Hoje, perto do aniversário de 30 anos do conflito, a militarização na área das Malvinas faz acender o pisca alerta. Aquela não é uma região qualquer. Geopoliticamente é a entrada para a região Antártica e estratégica no que diz respeito ao tráfego marítimo no espaço austral. Além disso, fala-se em prospecção de petróleo por parte da Inglaterra. Do ponto de vista da lógica, não há argumento para que o arquipélago continue na mão dos ingleses, uma vez que historicamente, na América Latina, o colonialismo já teria acabado. Assim, nada mais justo que aquele território voltasse para as mãos do povo argentino. Esse é um debate que mexe com as entranhas de qualquer cidadão do país vizinho.

Assim, os últimos acontecimentos soam como uma provocação ao governo argentino, que vive uma conjuntura bem diferente da época da guerra. Já não há mais uma ditadura militar e sim um governo que não é bem visto pelo grupo dos poderosos. Cristina Kirchner faria parte do chamado eixo-do-mal (governos de esquerda) que governa hoje o continente latino-americano.

Para os argentinos, esse seria um bom debate, pois há uma grande parte da população que não colocaria na presidente essa etiqueta de esquerda. Basta ver os constantes conflitos e a feroz repressão que os trabalhadores vêm enfrentando nas grandes cidades, no campo, na luta contra as mineradoras, na questão indígena, sem que Cristina assuma uma posição favorável à maioria.

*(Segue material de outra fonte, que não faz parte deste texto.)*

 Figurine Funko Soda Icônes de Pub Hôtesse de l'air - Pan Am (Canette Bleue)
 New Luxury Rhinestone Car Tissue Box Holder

De qualquer sorte, a presidente pegou a pauta apresentada pelos ingleses e tem feito duras declarações e denúncias sobre a militarização das Malvinas, exigindo, inclusive, uma posição da ONU com relação a isso. A crise reacendeu também um pouco do patriotismo que andava apagado e os veteranos da guerra voltaram à cena, fazendo manifestações e se colocando do lado da presidente.

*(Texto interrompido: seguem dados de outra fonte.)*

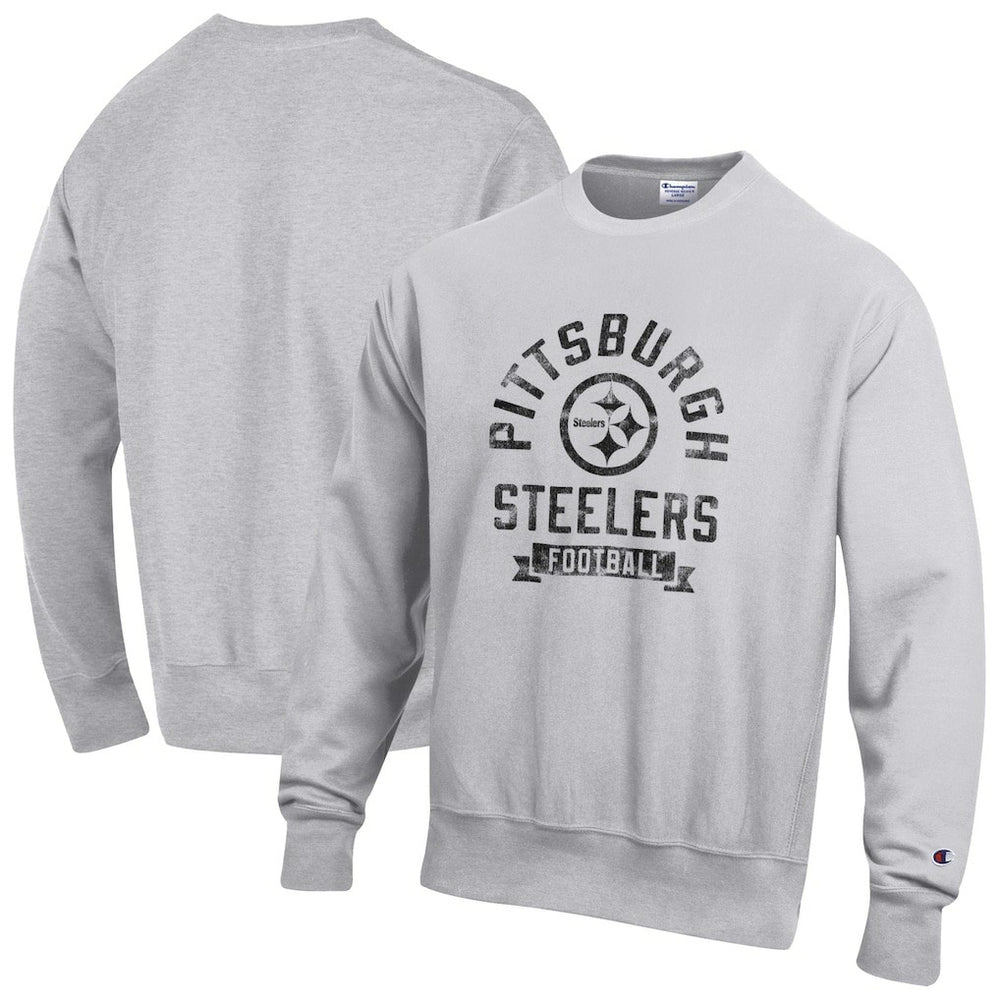 Pittsburgh Steelers Champion Reverse Weave Fleece Pullover Sweatshirt - Heather Gray Pullover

Mas, nesse universo de gente que lutou contra a Inglaterra naquela guerra quase absurda, pois visava muito mais o fortalecimento da ditadura, gente há que até hoje não foi reconhecida pela lei como veterana de guerra. São os soldados que estiveram em alerta e a postos no continente. Segundo a lei que definiu indenizações e pensões aos veteranos de guerra, apenas aqueles que participaram do campo de batalha nas ilhas e no mar tiveram direito de ser reconhecidos. Os soldados que ficaram no continente não foram considerados veteranos, coisa que se colocou inaceitável por toda uma juventude que viveu o terror por dois meses, sempre em alerta contra uma possível invasão pelos ingleses: “nós vivemos todo o estresse de uma guerra real. Nós esperávamos a cada minuto que um avião bombardeasse nossas cidades, nós estávamos em prontidão, sofrendo e vivendo todas as angústias das batalhas. Não é justo que nos abandonem agora”, afirma Luis Gianini, do Acampamento Toas da Plaza de Mayo, que representa mais de 400 ex-soldados.

Esse acampamento foi erguido há quatro anos exigindo o reconhecimento destes soldados, reivindicando que sejam incluídos no orçamento das aposentadorias. Todos os dias, a presidente Cristina os vê de sua janela, faça chuva ou faça sol. Mas, passado todo esse tempo nada foi conseguido, como se a governante fosse incapaz de ver e ouvir o clamor das famílias que se revezam no acampamento. O governo segue dizendo que os soldados que ficaram no continente não participaram da guerra e por isso não teriam direito. Para os manifestantes, essa posição é absurda e ninguém está disposto a desistir dessa luta.

Agora, na última semana, com a retomada do tema pela grande imprensa eles decidiram fazer uma manifestação na 9 de julho (principal rua de Buenos Aires), para que seus argumentos pudessem ser ouvidos, mas foram duramente reprimidos pela polícia com caminhões lança-água e bombas de gás. Vinte e quatro pessoas foram presas. Para os manifestantes, essa é só mais uma brutalidade do governo que já os pune por não reconhecê-los. Mas, isso não os fará calar nem desistir da luta. Nos últimos anos, os veteranos das Malvinas conquistaram aposentadorias bastante polpudas (cerca de 1.500 dólares) e esses 400 soldados que viveram todos os terrores da guerra, ainda que não tenham entrado em batalha, querem fazer valer seus direitos. “Para nós, muito mais do que o dinheiro é o reconhecimento. Nós estivemos na guerra, nós sofremos tudo aquilo e a nação argentina não pode nos excluir dessa triste página da história”.